Vector of aggregate-level response variables (length N).

x

Matrix of disaggregate-level covariates (n x K), assumed to match the x used in cf_downscale_hv.

prop_weight

Vector of disaggregate-level proportional allocation weights (length n), assumed to match the prop_weight used in cf_downscale_hv. See cf_downscale_hv for the role and examples of choices.

coords

Matrix of disaggregate-level coordinates (n x 2).

agg_id

Area ID for each disaggregate-level unit (length n).

mod_hv

Output object from cf_downscale_hv.

adj

Logical (default TRUE). When TRUE, a per-area multiplicative adjustment is applied to satisfy the aggregation constraint so that the downscaled predictions aggregate exactly to the observed 'Y'. When FALSE, the constraint is satisfied only approximately, which may be preferable when 'Y' contains noise.

nonneg

If TRUE (default), clip negative predictions to zero before the multiplicative adjustment.

Value

A list with the following elements:

beta

Regression coefficients, their standard errors, and the lower and upper limits of the 95 percent confidence intervals.

sd_summary

Standard deviation of the regression term (xb), spatial processes (spatial_scale1, spatial_scale2,...), and residuals.

e_summary

Aggregate-level holdout validation accuracy, evaluated on the validation units: R-squared (validation_R2), root mean squared error (validation_RMSE), and mean absolute error (validation_MAE).
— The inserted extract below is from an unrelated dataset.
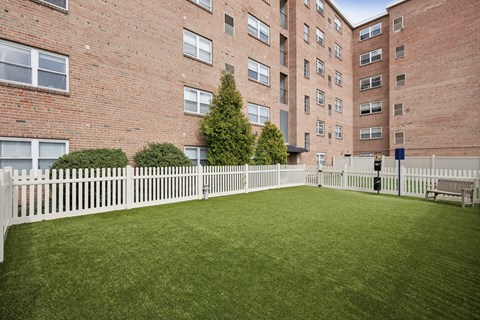 A white picket fence surrounds a green lawn in front of a brick building.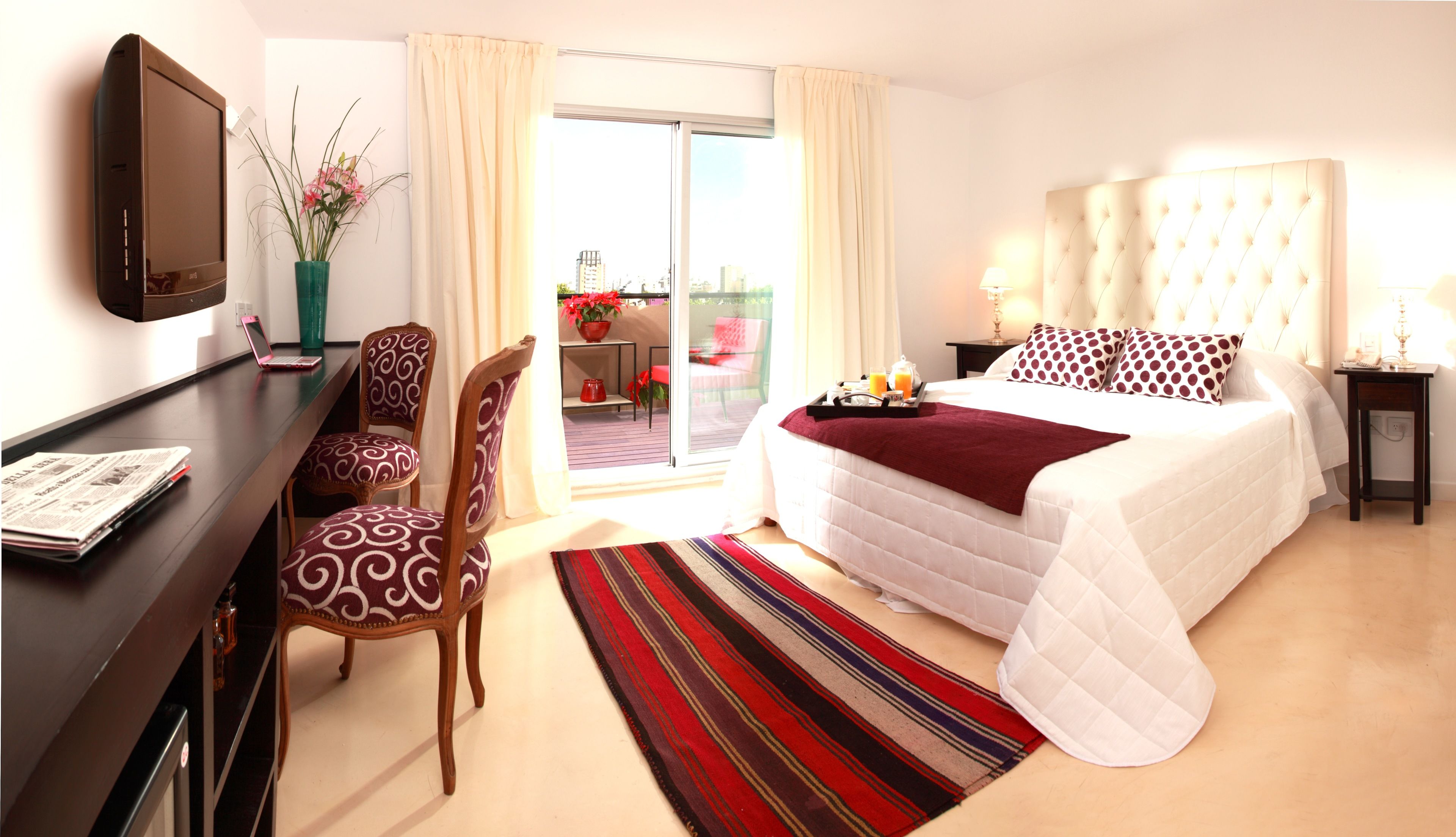 A hotel room with a bed, a desk with a laptop, a chair, a TV, and a view of the outdoors.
All are NA when no validation areas are available (e.g. train_rat = 1).

pred

Predictive mean (pred) and standard deviation (pred_sd) of the disaggregate-level response. The spatial-process contribution to pred_sd is rescaled by a holdout-calibrated factor (stored as other$tau) estimated on the validation areas.

bands

Bandwidth values for each accepted scale during the holdout validation in cf_downscale_hv.

Z

Predictive mean of each single-scale spatial process at the disaggregate-level (data.frame; one column per scale).

Z_sd

Predictive standard deviation of the single-scale process at the disaggregate-level units (data.frame).

other

Other internally used output objects.

Author(s)

Daisuke Murakami

References

Murakami, D., Chun, Y., Yoshida, T., & Seya, H. (2026). Scalable coarse-to-fine spatial downscaling. *ArXiv preprint*.

See Also

cf_downscale_hv, cf_lm

Examples

## Not run: 
set.seed(123)
require(sf); require(CARBayesdata)
data(GGHB.IZ)
data(pollutionhealthdata)
d  <- pollutionhealthdata[pollutionhealthdata$year == 2010, ]
ar <- merge(GGHB.IZ, d, by = "IZ")

### Disaggregate-level data (271 units)
coords <- st_coordinates(suppressWarnings(st_centroid(ar)))
x      <- data.frame(pm10 = ar$pm10, jsa = ar$jsa, price = ar$price)
prop_weight <- as.numeric(ar$expected)

### Aggregate-level data (30 units).
agg_id <- as.integer(stats::kmeans(coords, centers = 30)$cluster)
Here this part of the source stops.